Leisure venue administration agency Legends Worldwide warns it suffered a data breach in November 2024, which has impacted workers and individuals who visited venues underneath its administration.
In a notification letter shared with the authorities, the corporate informs that it detected unauthorized exercise in its IT techniques on November 9, 2024, prompting an investigation carried out with the assistance of exterior cybersecurity specialists.
The investigation outcomes confirmed that the intruders had exfiltrated private information recordsdata, although the uncovered information varieties aren’t decided within the pattern letter.
Legends Worldwide is a world sports activities and leisure providers firm providing venue planning, gross sales, partnerships, hospitality, merchandise, and know-how options, with an annual income of over $1.1 billion.

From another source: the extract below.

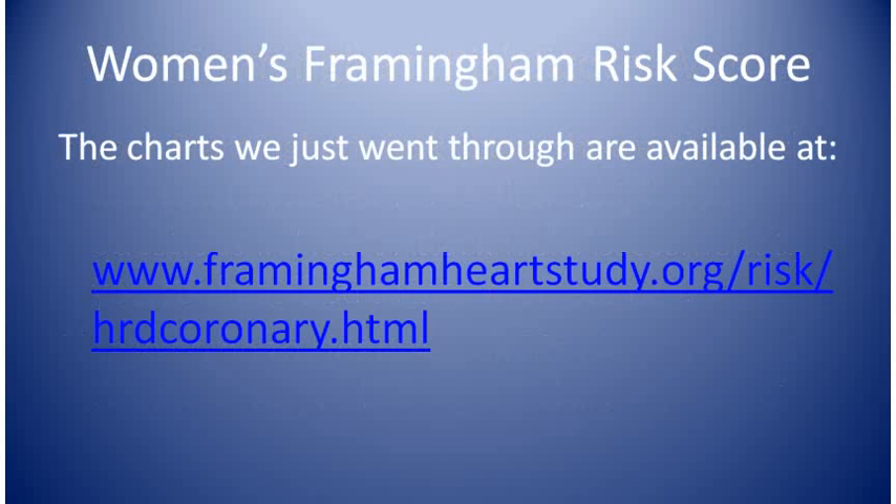If you'd like to print out the charts yourself, here's the link. Thanks for watching — I hope you found this helpful.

It manages over 350 venues throughout 5 continents, together with the SoFi Stadium in Los Angeles, One World Observatory in New York, the AT&T Stadium in Texas, the Santiago Bernabeu and Camp Nou stadiums in Spain, and the Anfield and OVO Area Wembley within the UK.
Not too long ago, the corporate expanded its operations by buying ASM World, a number one venue administration firm with a worldwide footprint.
The scope of the data breach and the variety of uncovered people stays unknown. Nonetheless, given the scale of the corporate’s operations and the massive quantities of delicate information it manages, there’s floor for concern.
BleepingComputer has contacted the corporate to ask for extra particulars, however a remark wasn’t instantly obtainable.
Within the letter despatched to impacted people, Legends Worldwide says security measures had been already in place earlier than the incident, and it carried out extra measures when the techniques had been restored from the cyberattack. Nonetheless, no particular particulars about both got.
Letter recipients are supplied 24-month protection for id theft detection providers via Experian and are given till July 31, 2025, to enroll.
Legends Worldwide states within the letter that they aren’t conscious of any proof that private data has been misused on account of this incident, however individuals are suggested to stay vigilant.
On the time of scripting this, no ransomware teams have taken accountability for the assault at Legends Worldwide, so the kind of the assault and the perpetrators stay unknown.